During U.S. Supreme Court arguments Wednesday over a federal issue important to the auto industry, Justice Elena Kagan questioned the absence of the U.S. solicitor general “in a case in which one would expect the government to be here.” Kagan wanted to know what's up at the U.S. Labor Department.

The answer is that the Labor Department is reconsidering a 2011 Obama administration rule that said service advisers at car dealerships are not exempt from overtime pay under the federal Fair Labor Standards Act. In a Jan. 5 bulletin, Wage and Hour Acting Administrator Bryan Jarrett said the department would not enforce that rule until the Supreme Court resolves the issue.

The statutory issue, which would affect roughly 100,000 service advisers, is raised in the case Encino Motorcars v. Navarro. The dispute is on its second trip to the high court.

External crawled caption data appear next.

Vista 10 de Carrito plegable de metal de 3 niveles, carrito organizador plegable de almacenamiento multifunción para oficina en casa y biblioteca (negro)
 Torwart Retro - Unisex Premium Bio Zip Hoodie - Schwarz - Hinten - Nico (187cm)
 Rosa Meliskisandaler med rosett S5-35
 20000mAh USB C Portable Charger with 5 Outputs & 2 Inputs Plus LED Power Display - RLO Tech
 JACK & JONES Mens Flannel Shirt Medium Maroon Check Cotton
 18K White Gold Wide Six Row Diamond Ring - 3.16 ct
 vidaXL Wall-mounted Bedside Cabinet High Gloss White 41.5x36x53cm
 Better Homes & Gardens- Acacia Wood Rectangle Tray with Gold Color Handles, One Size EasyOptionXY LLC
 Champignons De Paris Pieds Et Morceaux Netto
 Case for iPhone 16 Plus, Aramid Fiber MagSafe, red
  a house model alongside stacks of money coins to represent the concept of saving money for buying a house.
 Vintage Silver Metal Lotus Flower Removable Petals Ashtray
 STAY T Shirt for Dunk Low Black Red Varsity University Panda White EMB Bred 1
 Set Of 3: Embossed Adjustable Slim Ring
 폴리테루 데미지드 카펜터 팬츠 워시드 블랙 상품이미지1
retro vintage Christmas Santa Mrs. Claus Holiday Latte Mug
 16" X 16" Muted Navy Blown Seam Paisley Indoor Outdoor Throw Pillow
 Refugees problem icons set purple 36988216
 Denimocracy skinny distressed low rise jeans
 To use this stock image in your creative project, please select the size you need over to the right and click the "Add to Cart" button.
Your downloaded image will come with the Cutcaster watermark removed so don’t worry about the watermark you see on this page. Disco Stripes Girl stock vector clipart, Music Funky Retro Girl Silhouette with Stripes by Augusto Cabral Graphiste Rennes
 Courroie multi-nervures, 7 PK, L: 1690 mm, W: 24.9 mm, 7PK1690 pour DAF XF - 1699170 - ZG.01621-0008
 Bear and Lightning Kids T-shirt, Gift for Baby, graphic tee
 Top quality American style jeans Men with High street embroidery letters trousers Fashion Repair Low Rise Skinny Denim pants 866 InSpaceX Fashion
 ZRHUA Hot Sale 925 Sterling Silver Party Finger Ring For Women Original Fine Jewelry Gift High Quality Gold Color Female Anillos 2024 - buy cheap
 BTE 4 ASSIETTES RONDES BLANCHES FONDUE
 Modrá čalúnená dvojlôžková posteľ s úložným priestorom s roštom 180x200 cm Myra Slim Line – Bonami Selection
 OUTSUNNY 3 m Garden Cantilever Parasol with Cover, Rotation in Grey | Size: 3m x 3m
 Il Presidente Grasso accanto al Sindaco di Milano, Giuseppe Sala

Government lawyers had defended the Labor Department's interpretation twice in the U.S. Court of Appeals for the Ninth Circuit and in the company's first round in the Supreme Court in 2016. The absence of the Justice Department, on behalf of labor regulators, left the high court in the dark.

Former Labor Department Solicitor M. Patricia Smith, now senior counsel at the National Employment Law Project, said, “To me, they clearly did not want to defend their position now.”

The Justice Department declined to comment on why it was not participating in Encino Motorcars' latest trip to the Supreme Court. A spokesperson pointed to the Jan. 5 bulletin by the Labor Department.

The Justice Department's solicitor general, Smith said, often files in cases where it is concerned that a decision will have wider implications beyond the facts of the case in front of the court.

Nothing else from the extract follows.